#### Data for processing

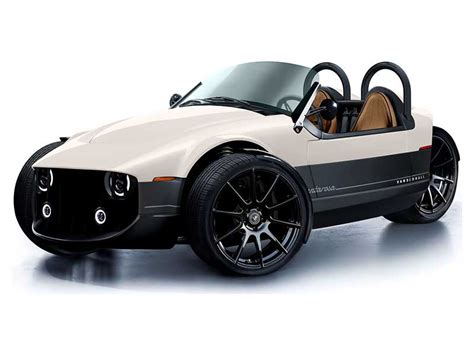 New 2023 Vanderhall Motor Works Santarosa GT Byron GA Specs Price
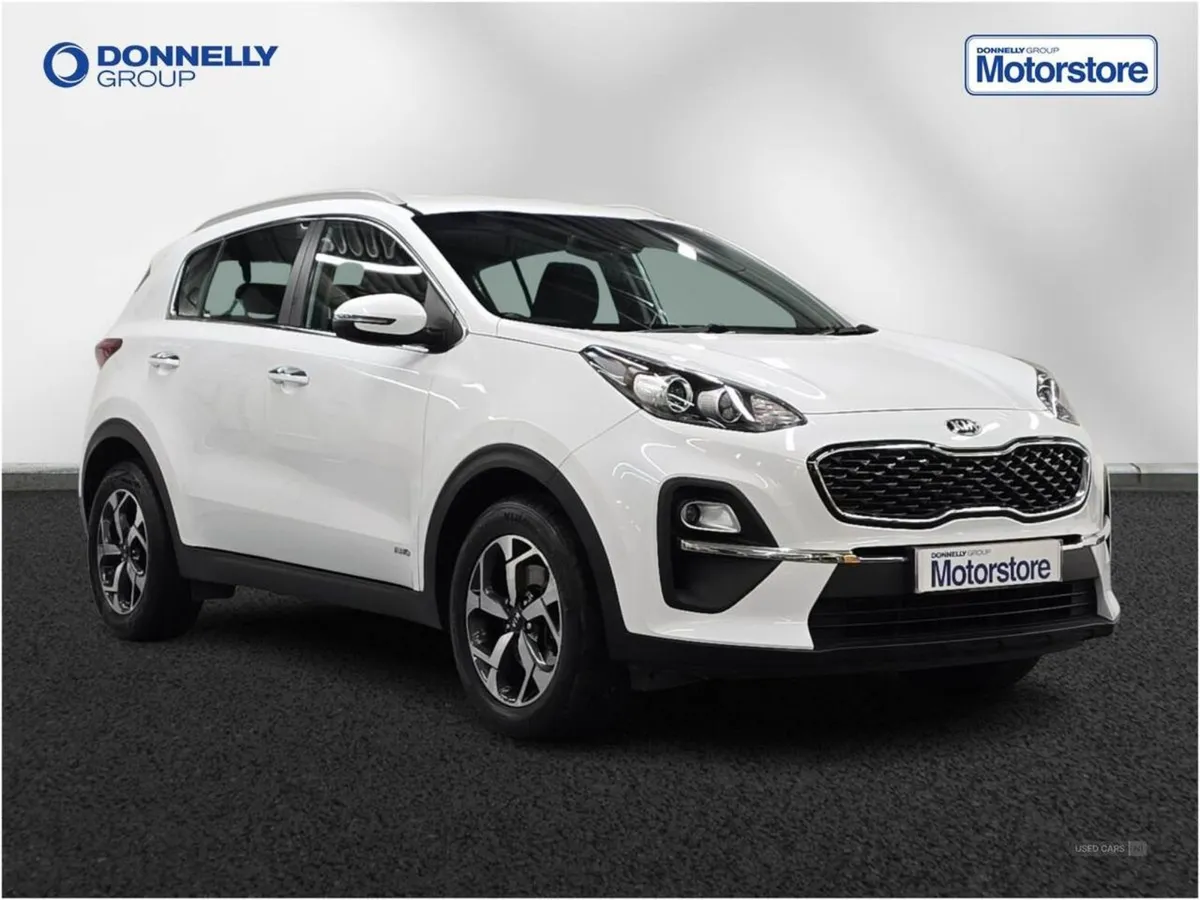 Kia Sportage 1.6t GDi ISG 2 5dr  awd - Image 1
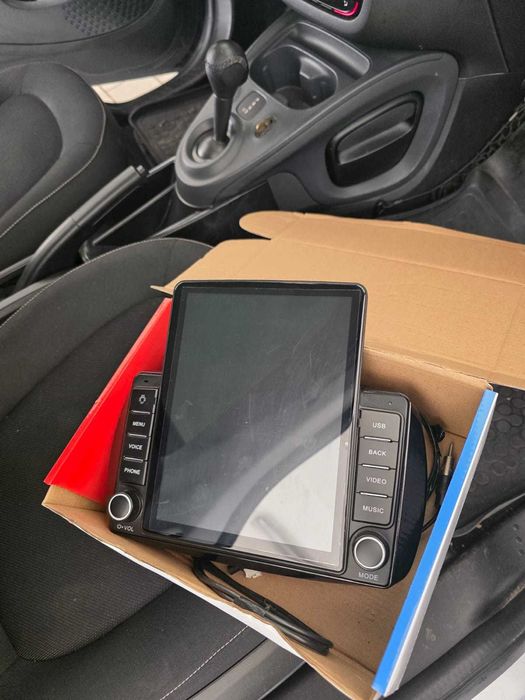 Smart Fortwo 453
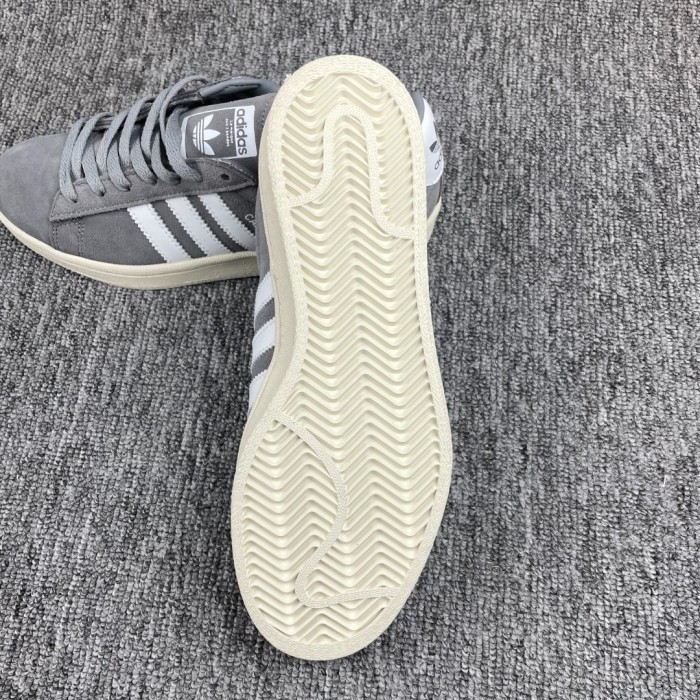 adidas Campus Grey Three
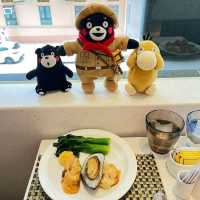 平價又平實的旺角酒店下午自助餐🐻🐥🐻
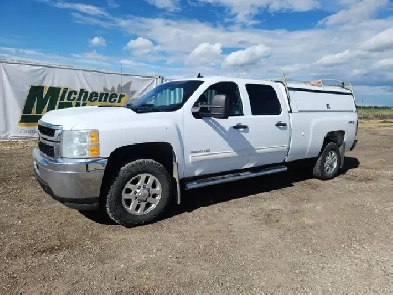 2013 Chevrolet Silverado 3500HD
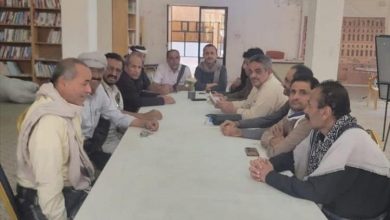 شبوة تعلن موقفًا موحدًا.. إدانة واسعة للتصعيد الإيراني وتأكيد الاصطفاف مع الأشقاء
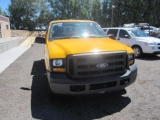 2006 FORD F-250 UTILITY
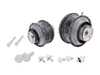 ES#2784352 - 2112402617KT3 - Drivetrain Mount Kit - Includes both engine mounts and transmission mount with hardware - Genuine Mercedes Benz - Mercedes Benz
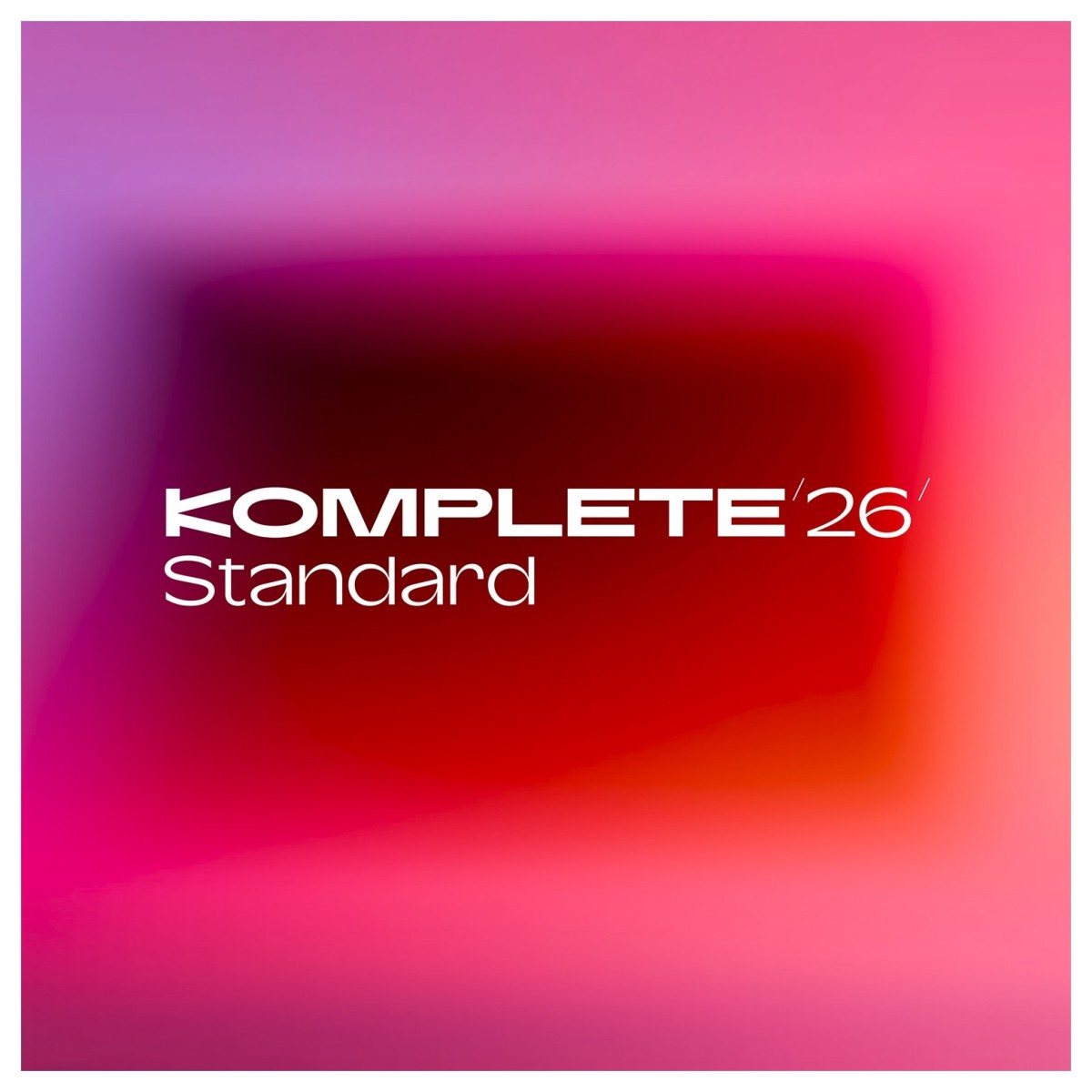 Native Instruments Komplete 26 Standard Upgrade für ausgewählte Modelle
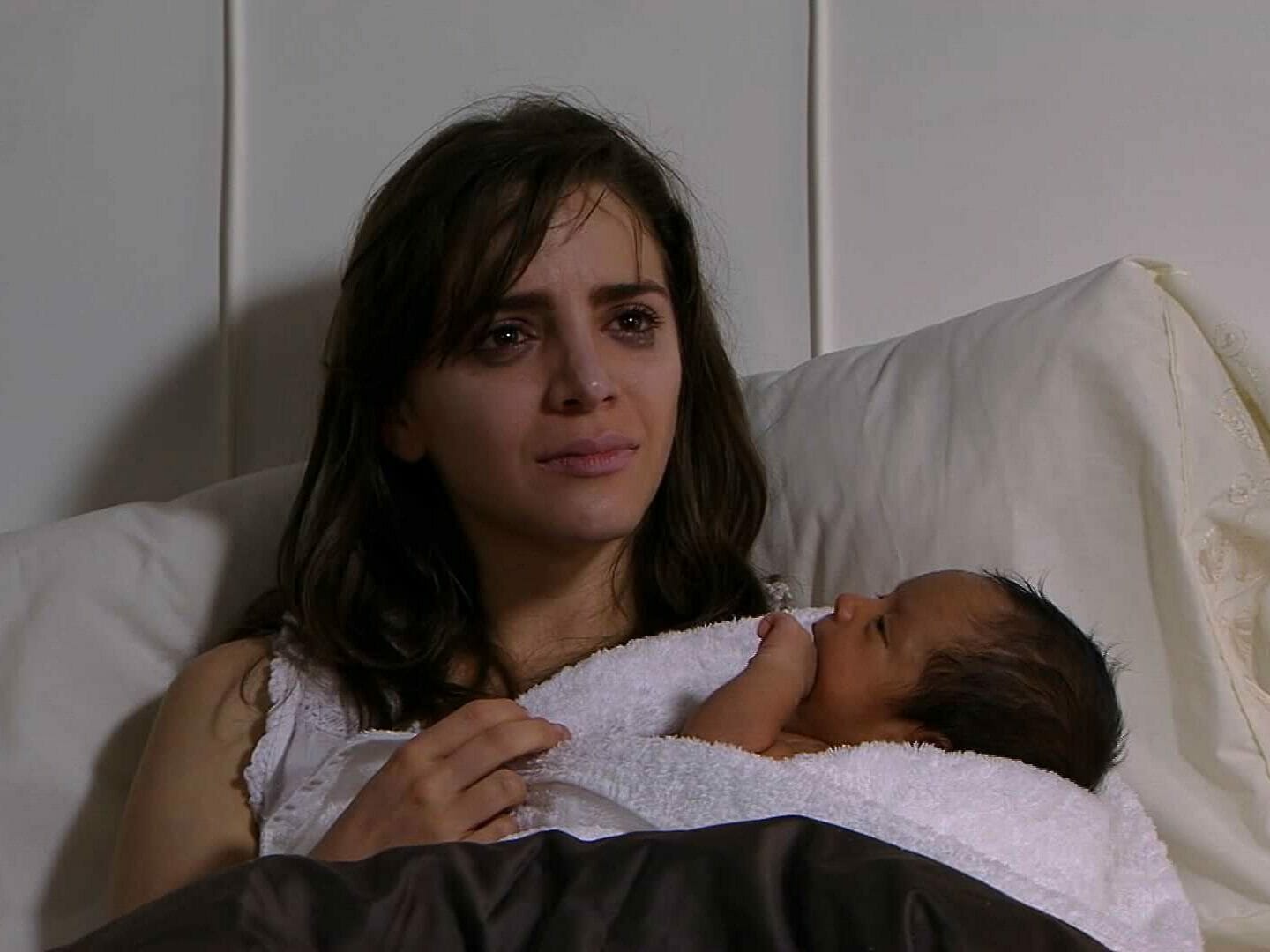 Ester (Elizabeth Valdéz) em Coração Indomável (Reprodução/YouTube)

########

• What the exercise asks:
What is needed is a word-for-word repeat of every line from the line with "2006 FORD F-250 UTILITY" to the end of the entries above; leave out the pictures.

• Result below:
 2006 FORD F-250 UTILITY
 ES#2784352 - 2112402617KT3 - Drivetrain Mount Kit - Includes both engine mounts and transmission mount with hardware - Genuine Mercedes Benz - Mercedes Benz
 Native Instruments Komplete 26 Standard Upgrade für ausgewählte Modelle
 Ester (Elizabeth Valdéz) em Coração Indomável (Reprodução/YouTube)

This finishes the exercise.